If you just wanted to, say, maintain the number of majority-minority districts in a given state, that wouldn't be terribly difficult to do in a manner that would allow for the respecting of communities and for reasonably compact districts. When you try to do that at the same time as you conduct an extreme partisan gerrymandering, you end up with freakishly serpentine districts picking up teeny little minority areas all over the state.
OK, absolutely nobody's against that, right?
Originalists often are, and to be fair, it's not explicitly set forth in the Constitution. I don't have any trouble getting there from the Equal Protection Clause myself, but it's an actual area of discussion.
one-man one-vote OK, absolutely nobody's against that, right?
I am. For example, it used to be OK for states to make their legislatures just like the Federal government--one house with proportional representation and one with georgraphic (town, county, whatever) representation. Even though the Federal government still can do it, the Supreme court decided that States could not (even though they had done so for almost 200 years).
Further, States cannot experiment with alternative voting schemes, some of which would provide greater political voice to political minorities, because it violates one-man one-vote.
To be sure, I do not imagine anyone wants to return to pocket boroughs, such as England used to have. But one-man one-vote creates an inflexibility which is not found in the Constitution and which interferes with other important political values.
OK, absolutely nobody's against [one-man one-vote], right?
I hate to give a technical answer to a simple question, but I'm going to: Baker v.

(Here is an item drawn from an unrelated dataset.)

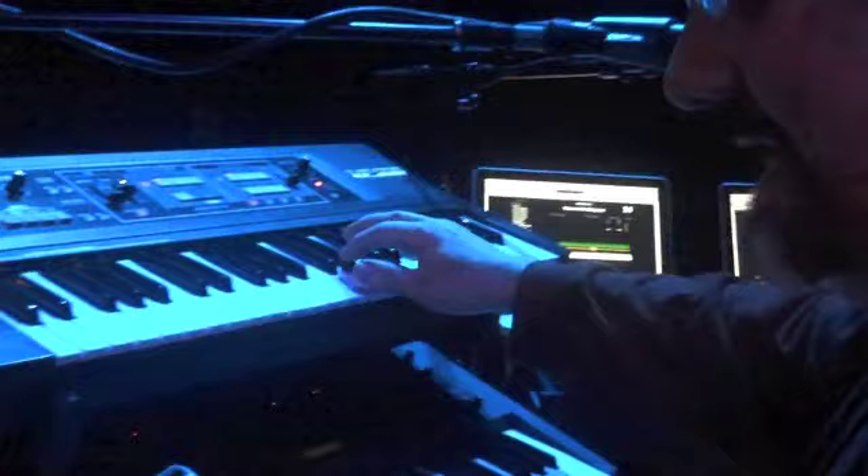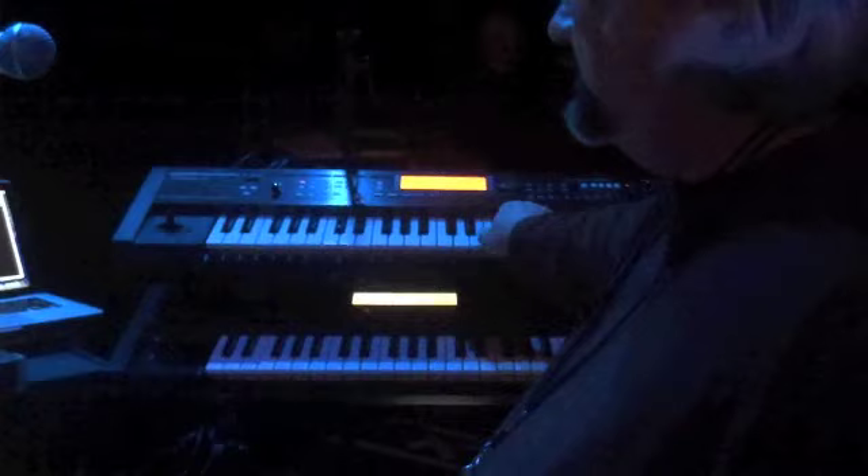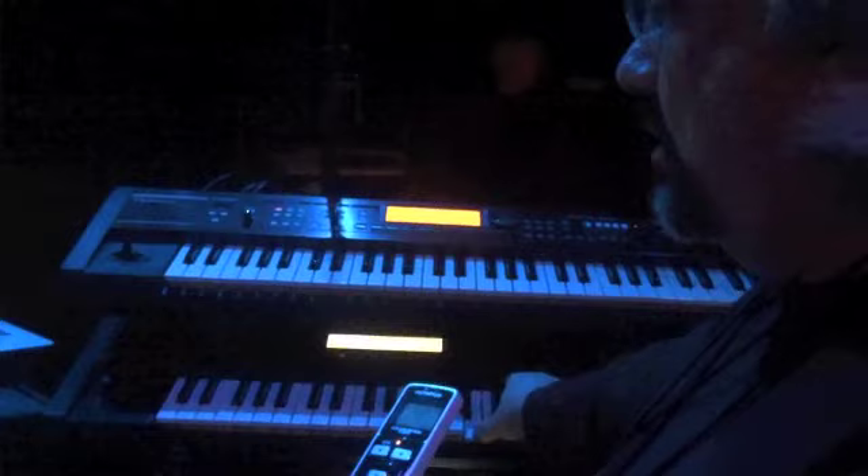He uses the D-Beam all the time to switch it. The Juno-G is used with one of the main stages for the samples, and this Juno-GI is used for pianos, synthesizer effects, solo horns, and bass. The V-Synth is used for synthesizer effects.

Carr, Reynolds v. Sims, and Wesberry v. Sander are all certainly correctly decided.
The second graph in 26 is misleading, cumulative voting is in use in many elections below state-level, with state approval.
I am less sure that Forty Fourth General Assembly of Colorado v. Lucas was. That is, I think it may have been ok for Colorado voters, in a referendum which won a majority in every district of the state, to choose to over-represent rural regions of the state and correpsondingly under-represent urban voters.

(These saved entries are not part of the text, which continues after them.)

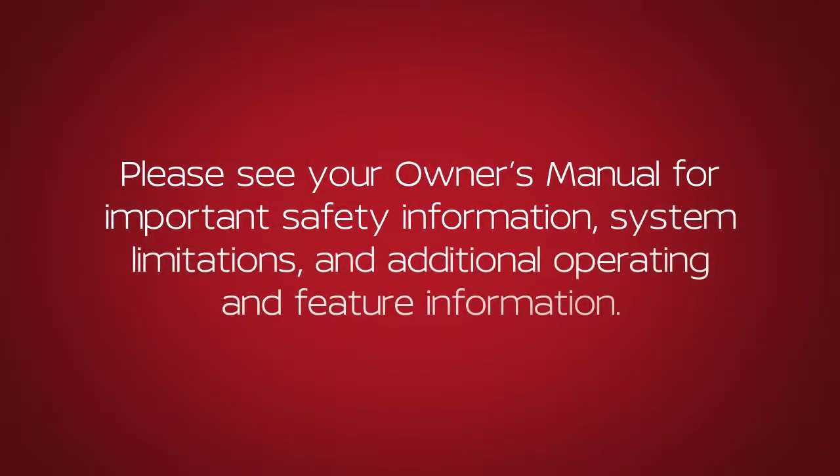Please see your owner's manual for important safety information, system limitations, and additional operating and feature information.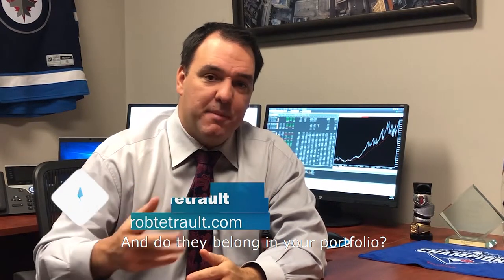Hey, I'm Rob Tatro from RobTatro.com. Today we're talking about PPNs, Principal Protected Notes, and do they belong in your portfolio? First of all, what is a PPN?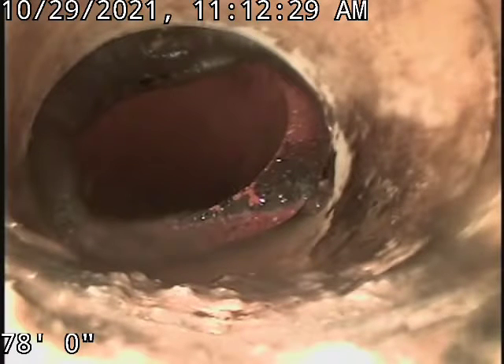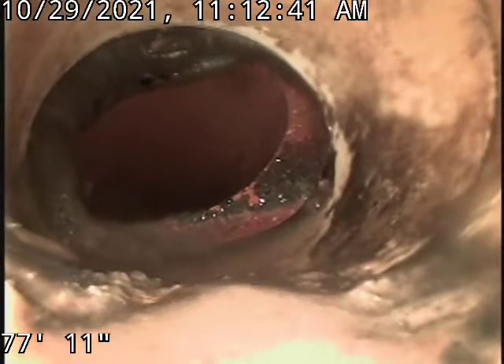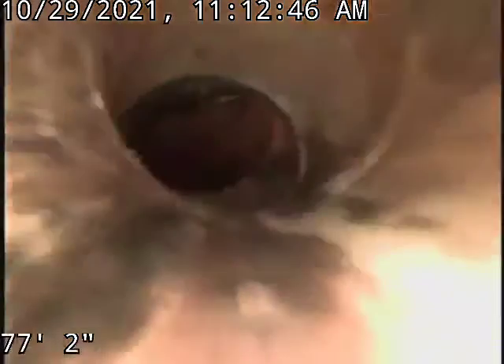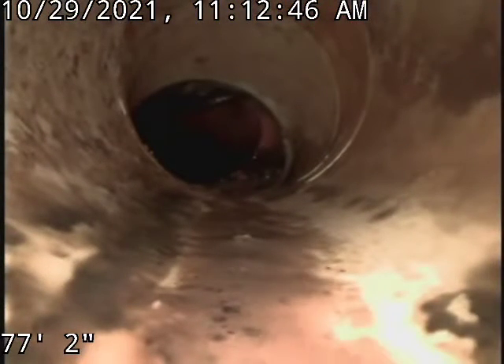I think this is the transition to the city main. I can't confirm it — it's just misaligned right there, so I can't get past that point.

The exact stated goal of racial gerrymandering is to put people with common interests in districts together.
The exact stated goal of racial gerrymandering is to put a majority of people with the same color skin in a district. It is based on the assumption that you can tell what is most important about people and what their primary interests are by looking at the color of their skin.
The exact stated goal of racial gerrymandering is to put a majority of people with the same color skin in a district.

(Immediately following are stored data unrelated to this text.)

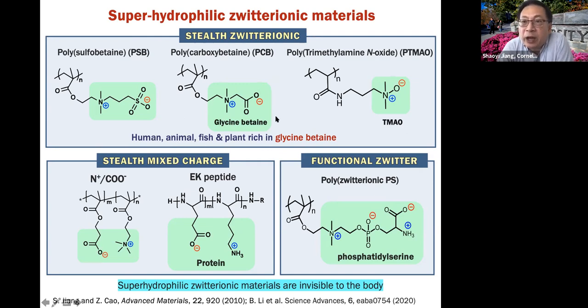If you look at carboxybetaine, the active ingredient is glycine betaine. This glycine betaine small molecule really exists in humans, the animal kingdom, fish, and plants. For example, desert plants can survive nicely under strong sunshine and dry conditions because they have a high concentration of glycine betaine to hold water. We are using the same principle — putting this into a hydrogel or polymer and putting it on a medical device surface, so that the surface will be coated by layers of strongly bonded water. Same hydration principle, but in a polymer way.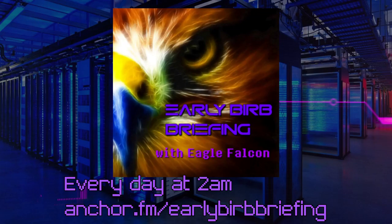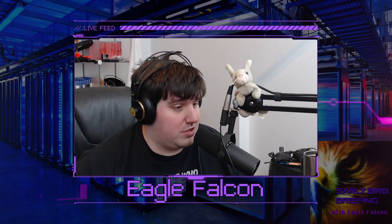A fresh dose of tech news and insight. This is the Early Birb Briefing. It is Saturday, March 19th, 2022. I'm Eagle Falcon. I'm going to speak really quietly because it's way too late — long day at work means late night recording these podcasts, but I do it all for you. And also because I need an outlet to calmly rant about how I called it when it comes to the M1 Ultra chip from Apple and the Mac Studio.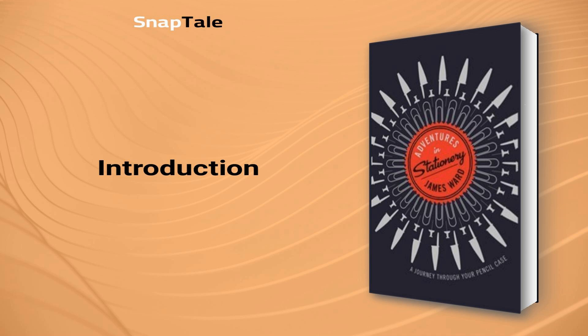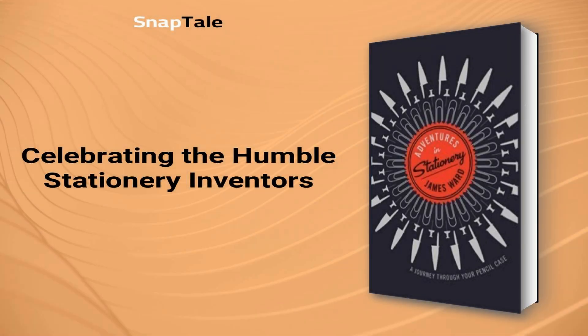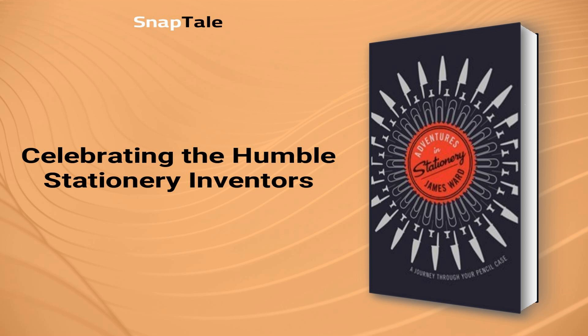Delve into the intricate art of pencil-making, trace the lineage of paper, and uncover the stories behind famous brands and their iconic products. The paper clip is considered a perfect design, featured in prestigious museums in New York and Germany. However, no one knows who the original creator of the paper clip was, or many other everyday staples such as pens and pencils. It's important to remember and celebrate the inventors of these seemingly simple yet essential tools that contribute to our culture.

No, the exact stated goal of the relevant provisions of the Voting Rights Act that result in what you are characterizing as racial gerrymandering is to prevent the dilution of the electoral power of racial minorities. As you may recall, the law was passed at a time at which such intentional dilution was common.
It is based on the assumption that you can tell what is most important about people and what their primary interests are by looking at the color of their skin.
As opposed to, what, the assumption that geography is the dominant factor in determining interests?
28 -- Clearly you have a better method in mind of telling what is most important about people and what their primary interests are.
the exact stated goal of the relevant provisions of the Voting Rights Act
True, of course, but beside the point. The voting Rights Act does not require racial gerrymandering.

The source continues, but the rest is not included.